Work item: Output the material exactly, line by line.

Segment Start: Data to process

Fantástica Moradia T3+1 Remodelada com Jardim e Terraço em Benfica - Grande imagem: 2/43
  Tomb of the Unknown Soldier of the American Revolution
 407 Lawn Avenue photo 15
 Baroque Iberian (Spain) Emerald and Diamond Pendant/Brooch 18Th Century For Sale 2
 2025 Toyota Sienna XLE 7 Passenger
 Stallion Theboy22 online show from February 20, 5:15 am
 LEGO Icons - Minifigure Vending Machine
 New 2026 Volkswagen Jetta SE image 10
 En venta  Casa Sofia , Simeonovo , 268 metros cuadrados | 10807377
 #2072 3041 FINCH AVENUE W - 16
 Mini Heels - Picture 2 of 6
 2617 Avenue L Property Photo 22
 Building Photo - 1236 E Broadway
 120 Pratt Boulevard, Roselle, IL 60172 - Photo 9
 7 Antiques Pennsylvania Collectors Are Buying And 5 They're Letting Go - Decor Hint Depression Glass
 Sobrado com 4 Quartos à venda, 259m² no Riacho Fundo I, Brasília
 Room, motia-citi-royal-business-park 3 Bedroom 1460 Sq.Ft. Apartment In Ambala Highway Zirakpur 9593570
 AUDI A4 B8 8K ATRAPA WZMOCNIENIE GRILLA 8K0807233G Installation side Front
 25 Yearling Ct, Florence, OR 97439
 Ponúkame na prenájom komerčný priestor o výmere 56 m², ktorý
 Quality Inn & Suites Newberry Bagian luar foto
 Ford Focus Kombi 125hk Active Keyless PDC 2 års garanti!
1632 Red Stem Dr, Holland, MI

Segment End: Data to process

Solved problem:
Fantástica Moradia T3+1 Remodelada com Jardim e Terraço em Benfica - Grande imagem: 2/43
  Tomb of the Unknown Soldier of the American Revolution
 407 Lawn Avenue photo 15
 Baroque Iberian (Spain) Emerald and Diamond Pendant/Brooch 18Th Century For Sale 2
 2025 Toyota Sienna XLE 7 Passenger
 Stallion Theboy22 online show from February 20, 5:15 am
 LEGO Icons - Minifigure Vending Machine
 New 2026 Volkswagen Jetta SE image 10
 En venta  Casa Sofia , Simeonovo , 268 metros cuadrados | 10807377
 #2072 3041 FINCH AVENUE W - 16
 Mini Heels - Picture 2 of 6
 2617 Avenue L Property Photo 22
 Building Photo - 1236 E Broadway
 120 Pratt Boulevard, Roselle, IL 60172 - Photo 9
 7 Antiques Pennsylvania Collectors Are Buying And 5 They're Letting Go - Decor Hint Depression Glass
 Sobrado com 4 Quartos à venda, 259m² no Riacho Fundo I, Brasília
 Room, motia-citi-royal-business-park 3 Bedroom 1460 Sq.Ft. Apartment In Ambala Highway Zirakpur 9593570
 AUDI A4 B8 8K ATRAPA WZMOCNIENIE GRILLA 8K0807233G Installation side Front
 25 Yearling Ct, Florence, OR 97439
 Ponúkame na prenájom komerčný priestor o výmere 56 m², ktorý
 Quality Inn & Suites Newberry Bagian luar foto
 Ford Focus Kombi 125hk Active Keyless PDC 2 års garanti!
1632 Red Stem Dr, Holland, MI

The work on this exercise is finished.